- Exercise
Set down the final stretch of the data, from the line that holds "A balcony with" through the last line, both included, with pictures left out.

- Supplied data
Segment Open

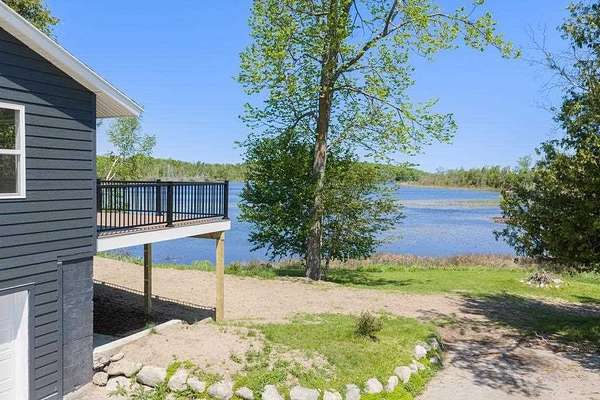 10 Acres of Land with Home for Sale in Charlevoix, Michigan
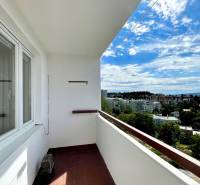 A balcony with a view of the rooftops of the Old Town in Bratislava, a 3-room apartment on Bartókova.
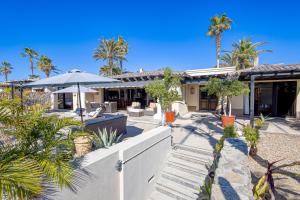 an exterior view of a house with palm trees at Hermitage Paradise in Cabo San Lucas
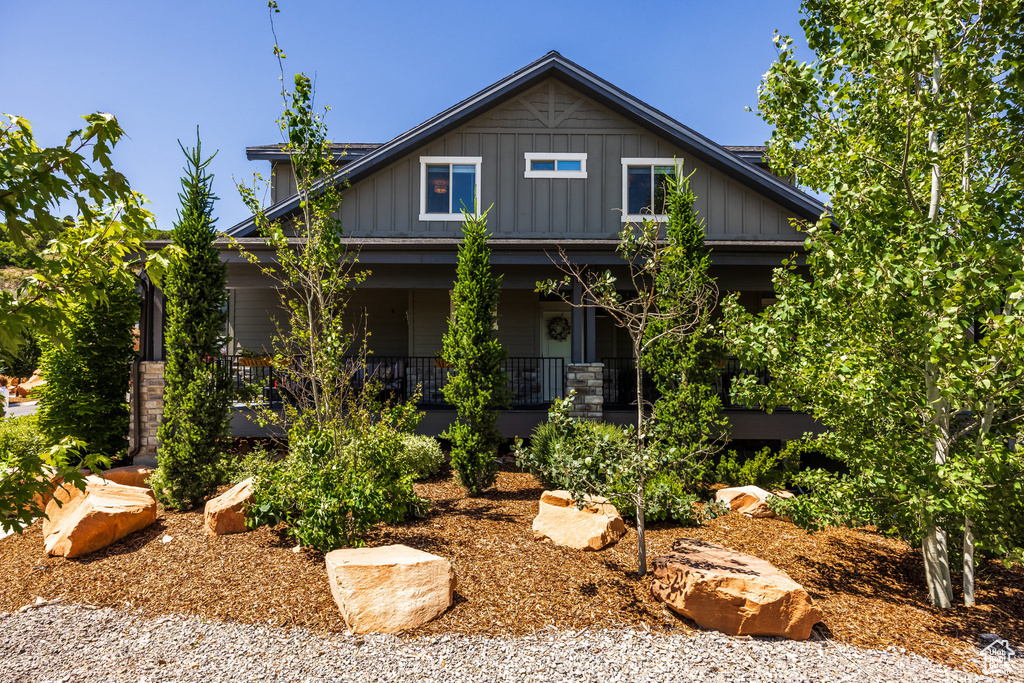 Craftsman inspired home featuring a porch and board and batten siding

Segment Closed

- Response for this exercise
 A balcony with a view of the rooftops of the Old Town in Bratislava, a 3-room apartment on Bartókova.
 an exterior view of a house with palm trees at Hermitage Paradise in Cabo San Lucas
 Craftsman inspired home featuring a porch and board and batten siding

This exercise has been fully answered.